The band’s first releases, the Jhva Elohim Meth…The Revival EP and debut album Dance Of December Souls may have seemed to draw from the same set of influences that inspired like-minded bands across the North Sea like Paradise Lost and My Dying Bride, but by the time Katatonia arrived at 1996’s Brave Murder Day (which featured guest vocals from Opeth’s Mikael Åkerfeldt), the band had already begun to plough their own tearful furrow.
“Initially we had no masterplan,” says Renkse today. “All we wanted was a band of our own, as we were totally devoured by the death and doom metal scene that was happening. It wasn’t until later that we could actually carve out our own space and see things with a broader perspective. Katatonia has become a philosophy, at least for ourselves, since it is pretty much all we have. It’s dark and personal music and lyrics, no matter what the environment around us.”
In 1998, Katatonia released Discouraged Ones, an album that saw them step away from more traditional doom-laden atmospheres into an increasingly distinctive sonic world.
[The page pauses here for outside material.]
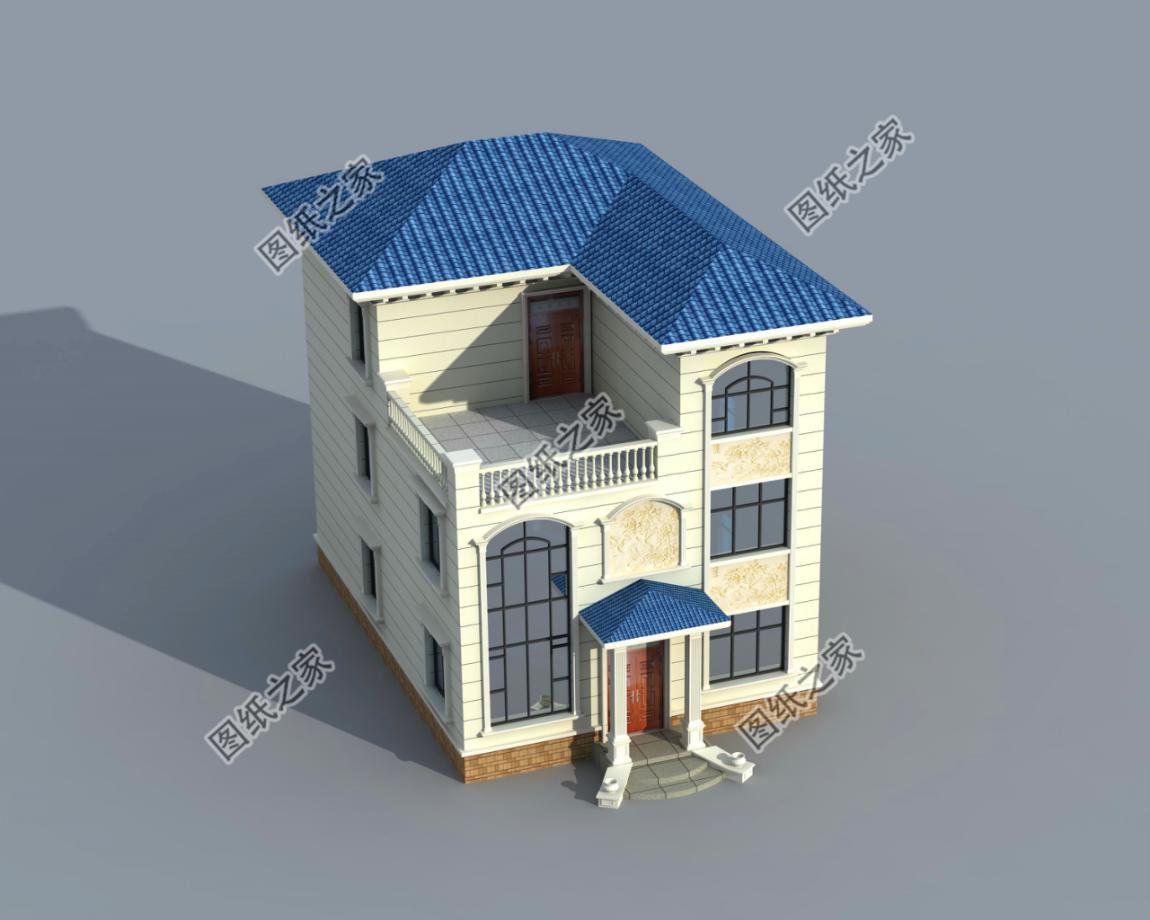 2024年新款三層別墅圖帶車庫，家人都喜歡第二款，鄰居卻看中了第一款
Incorporating a wide variety of influences, from gothic rock to dark folk, the band’s evolution was gathering pace and their songwriting was maturing accordingly. With Jonas Renksestepping away from the drum stool to focus on his role as vocalist, the Katatonia sound became more focused and intense on 1999’s Tonight’s Decision; a bravura collection of downbeat hymns to the void that set the tone for the new decade that followed.
“Most of our evolution has occurred naturally,” explains Renkse. “We started as Paradise Lost fanboys, but now I think we have a different sound, something we have crafted over the years. With every new album we try to push the boundaries of songwriting and expand the concept of Katatonia without abandoning our foundation and roots.”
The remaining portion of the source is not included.